That was one of the greatest trials of my life, but I know it pales in comparison to the trials some of you have been through. A chronic illness. The agony of cancer. The loss of a spouse, or a child. I have not suffered like you have. But one thing I know.  When Jesus went into the Garden of Gethsemane on the night he was to be betrayed, and less than 24 hours before he would be nailed to a cross, he faced more intense internal agony and suffering than any of us will ever know.  The Gospel of Mark says he began to be “greatly distressed and troubled.” Then Jesus said to his disciples, “My soul is very sorrowful, even to death.” Luke’s gospel tells us that Jesus was in such distress that he sweated blood. James Edwards writes, “Nothing in all the Bible compares to Jesus’ agony and anguish in Gethsemane—neither the laments of the Psalms, nor the broken heart of Abraham as he prepared to sacrifice his son Isaac, nor David’s grief at the death of his son Absalom.”

Why was Jesus’ soul sorrowful even to death?

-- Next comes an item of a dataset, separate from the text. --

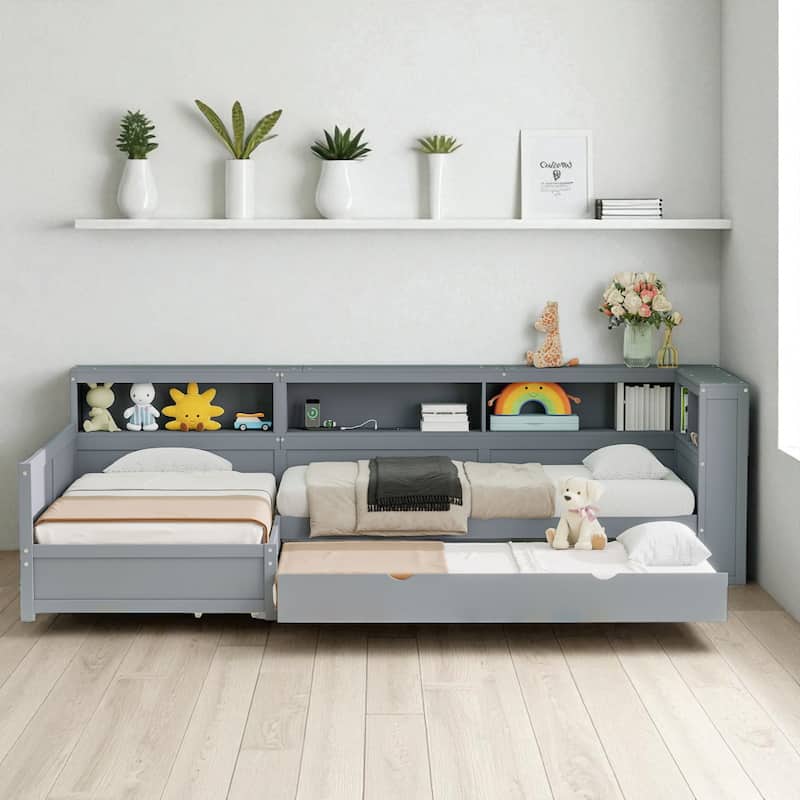 Twin Size L-Shaped Platform Bed with Trundle, Storage Drawer, Shelves, USB Charging Station, Solid Wood Frame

Was it because he knew he was going to die? No! He was not afraid to be pierced by nails and slowly lose his lifeblood in excruciating agony. His sorrow was because he was facing much more than death. Isaiah prophesied that he would be “pierced for our transgressions, crushed for our iniquities.” Jesus was not suffering agony over the prospect of just being pierced and crushed. It was the knowledge that he would be pierced and crushed while bearing the weight of my sins, and yours. The knowledge that he would identify with sinners so completely as to become the object of God’s wrath against sin overwhelmed Jesus’ soul, and he cried out, “Abba, Father, all things are possible for you. Remove this cup from me.”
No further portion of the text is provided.